■ **YOUR INSTRUCTIONS**: Each line of the material below with the word "Women" is to be reported.

■ **RECORD EXTRACTS**:
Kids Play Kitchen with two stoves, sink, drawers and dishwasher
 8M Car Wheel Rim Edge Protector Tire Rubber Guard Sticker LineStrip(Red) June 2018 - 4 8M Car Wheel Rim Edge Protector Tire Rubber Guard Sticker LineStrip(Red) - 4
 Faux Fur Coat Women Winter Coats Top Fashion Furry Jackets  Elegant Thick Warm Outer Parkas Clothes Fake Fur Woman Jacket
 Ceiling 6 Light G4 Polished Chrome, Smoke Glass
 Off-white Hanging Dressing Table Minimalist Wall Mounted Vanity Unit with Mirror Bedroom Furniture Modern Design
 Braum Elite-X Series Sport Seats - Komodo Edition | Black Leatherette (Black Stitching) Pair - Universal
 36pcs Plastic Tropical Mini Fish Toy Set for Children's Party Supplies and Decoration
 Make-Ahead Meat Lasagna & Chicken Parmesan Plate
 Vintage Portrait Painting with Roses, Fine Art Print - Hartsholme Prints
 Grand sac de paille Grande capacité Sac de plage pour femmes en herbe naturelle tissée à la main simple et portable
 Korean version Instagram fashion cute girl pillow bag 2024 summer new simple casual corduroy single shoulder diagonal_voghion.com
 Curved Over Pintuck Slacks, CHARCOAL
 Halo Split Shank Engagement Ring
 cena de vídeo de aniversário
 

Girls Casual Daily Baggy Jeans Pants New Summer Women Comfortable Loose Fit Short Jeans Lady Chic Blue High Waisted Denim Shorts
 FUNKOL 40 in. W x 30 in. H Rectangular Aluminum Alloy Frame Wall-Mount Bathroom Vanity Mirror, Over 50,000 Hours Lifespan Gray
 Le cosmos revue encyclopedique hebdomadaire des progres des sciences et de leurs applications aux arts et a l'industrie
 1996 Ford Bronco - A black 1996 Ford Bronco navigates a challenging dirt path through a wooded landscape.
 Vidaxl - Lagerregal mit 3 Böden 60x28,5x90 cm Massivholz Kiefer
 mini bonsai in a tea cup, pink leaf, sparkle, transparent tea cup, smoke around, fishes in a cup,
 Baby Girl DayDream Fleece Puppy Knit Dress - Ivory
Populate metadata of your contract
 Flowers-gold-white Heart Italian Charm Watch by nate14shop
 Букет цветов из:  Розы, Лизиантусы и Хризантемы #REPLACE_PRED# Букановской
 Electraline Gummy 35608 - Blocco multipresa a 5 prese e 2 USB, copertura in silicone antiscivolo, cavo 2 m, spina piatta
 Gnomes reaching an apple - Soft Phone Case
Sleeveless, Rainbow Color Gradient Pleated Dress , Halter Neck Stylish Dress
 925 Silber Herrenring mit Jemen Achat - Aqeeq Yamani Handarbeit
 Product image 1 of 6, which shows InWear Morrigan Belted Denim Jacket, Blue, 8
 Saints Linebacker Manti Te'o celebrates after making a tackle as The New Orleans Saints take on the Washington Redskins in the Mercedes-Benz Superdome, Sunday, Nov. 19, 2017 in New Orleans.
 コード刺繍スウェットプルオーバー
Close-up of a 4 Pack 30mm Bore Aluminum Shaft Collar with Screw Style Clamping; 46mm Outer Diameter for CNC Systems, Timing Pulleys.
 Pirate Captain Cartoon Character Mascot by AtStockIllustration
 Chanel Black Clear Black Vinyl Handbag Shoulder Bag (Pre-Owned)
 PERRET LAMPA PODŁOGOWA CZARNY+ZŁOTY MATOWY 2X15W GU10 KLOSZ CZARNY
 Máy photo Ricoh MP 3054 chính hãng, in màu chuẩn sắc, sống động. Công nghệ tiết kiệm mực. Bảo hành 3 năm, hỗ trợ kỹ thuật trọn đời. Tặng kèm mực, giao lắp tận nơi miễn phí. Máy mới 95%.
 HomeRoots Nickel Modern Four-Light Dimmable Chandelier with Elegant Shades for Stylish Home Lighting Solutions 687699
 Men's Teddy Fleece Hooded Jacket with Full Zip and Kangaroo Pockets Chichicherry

■ **RESPONSE BOX**:
 Faux Fur Coat Women Winter Coats Top Fashion Furry Jackets  Elegant Thick Warm Outer Parkas Clothes Fake Fur Woman Jacket
Girls Casual Daily Baggy Jeans Pants New Summer Women Comfortable Loose Fit Short Jeans Lady Chic Blue High Waisted Denim Shorts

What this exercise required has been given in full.